### Data excerpts
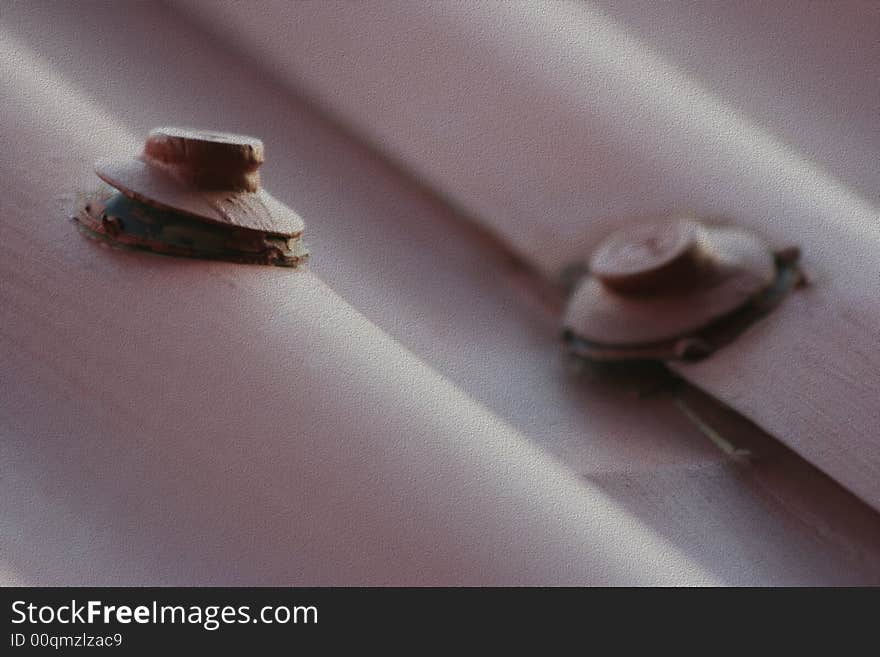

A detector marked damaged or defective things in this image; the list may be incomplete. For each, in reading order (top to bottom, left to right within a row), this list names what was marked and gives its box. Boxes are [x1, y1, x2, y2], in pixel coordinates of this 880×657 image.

rusted metal [75, 128, 310, 266]
rusted bolt [74, 128, 312, 266]
rusted bolt [560, 219, 800, 364]
rusted metal [564, 220, 804, 364]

### Work task
The records above are to be repeated exactly, apart from their pictures.

### Task solution
A detector marked damaged or defective things in this image; the list may be incomplete. For each, in reading order (top to bottom, left to right within a row), this list names what was marked and gives its box. Boxes are [x1, y1, x2, y2], in pixel coordinates of this 880×657 image.

rusted metal [75, 128, 310, 266]
rusted bolt [74, 128, 312, 266]
rusted bolt [560, 219, 800, 364]
rusted metal [564, 220, 804, 364]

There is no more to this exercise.